Ask HN: How to build services for FOSS projects when ToS forbids scraping?

3 ATechGuy 6 8/20/2025, 9:50:10 PM
I'm working on a service for FOSS developers to help enforce code license compliance and make projects more sustainable.

The challenge: many websites' Terms of Service explicitly prohibit scraping, crawling, or automation. At the same time, the information needed (repos, dependencies, metadata) is often available only through those sites.

For those who've built tools around open source ecosystems:

* How do you navigate ToS restrictions while still delivering value to users?

* Do you focus on official APIs only, even if they're limited?

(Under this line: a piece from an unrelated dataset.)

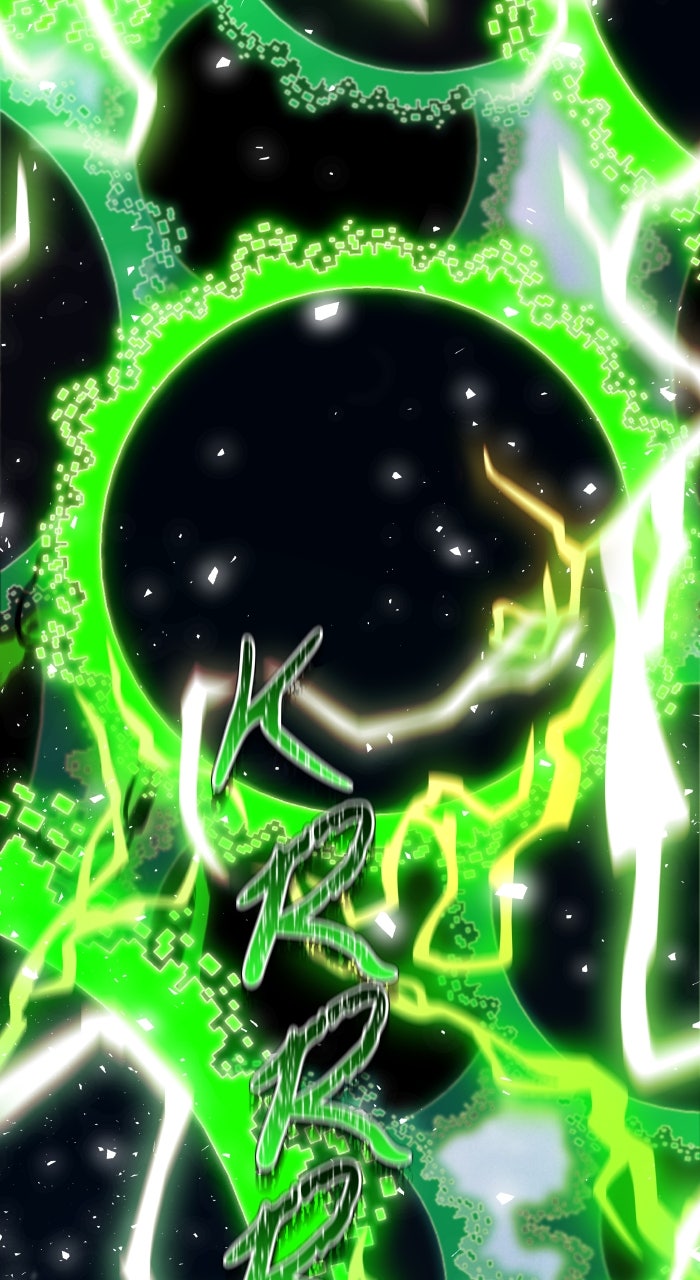 Tower of God Manga Chapter 643 page 106 - [Season 3] Ep. 226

* Are there established legal/technical best practices for this situation?

* How to balance compliance with ToS and the mission of supporting FOSS?

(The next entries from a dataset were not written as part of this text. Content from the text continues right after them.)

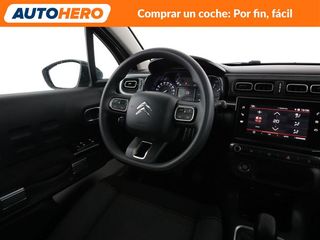 Citroën C3 1.2 PureTech Shine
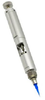 Fisnar MV-0180LF Micro-Shot Needle Valve Aluminum -- MV-0180LF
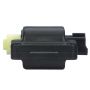 DELPHI GN10772 Ignition Coil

Curious to hear what others have done (or seen work) in this space.

Comments (6)

like_any_other · 3h ago
The law around scraping is unfortunately complex, but it's plausible your use of it (legal compliance) could be legal regardless of ToS ("you're not allowed to use automated tools to check if we're breaking your license" is quite fishy):

https://legalclarity.org/is-web-scraping-legal-a-look-at-the...

https://en.wikipedia.org/wiki/HiQ_Labs_v._LinkedIn

Or you could base your business in Denmark: https://en.wikipedia.org/wiki/Web_scraping#European_Union

ATechGuy · 3h ago
Thanks for sharing the links! You're right, the legality around scraping is nuanced :( Use cases like license compliance might fall on the defensible side.
toomuchtodo · 3h ago
I’m unsure what your jurisdiction is, but if you’re in the US, speak with an attorney and get an attorney opinion letter. You’ll at least be able to demonstrate that you were acting in good faith.
ATechGuy · 3h ago
Thanks!
bigyabai · 3h ago
You're making a business, right? Pay for official API access.
ATechGuy · 3h ago
Right now the cost is a blocker (I'm bootstrapped, no funding yet). On top of that, sometimes official APIs either don't exist or don't expose the full dataset needed for license checks, which makes things tricky.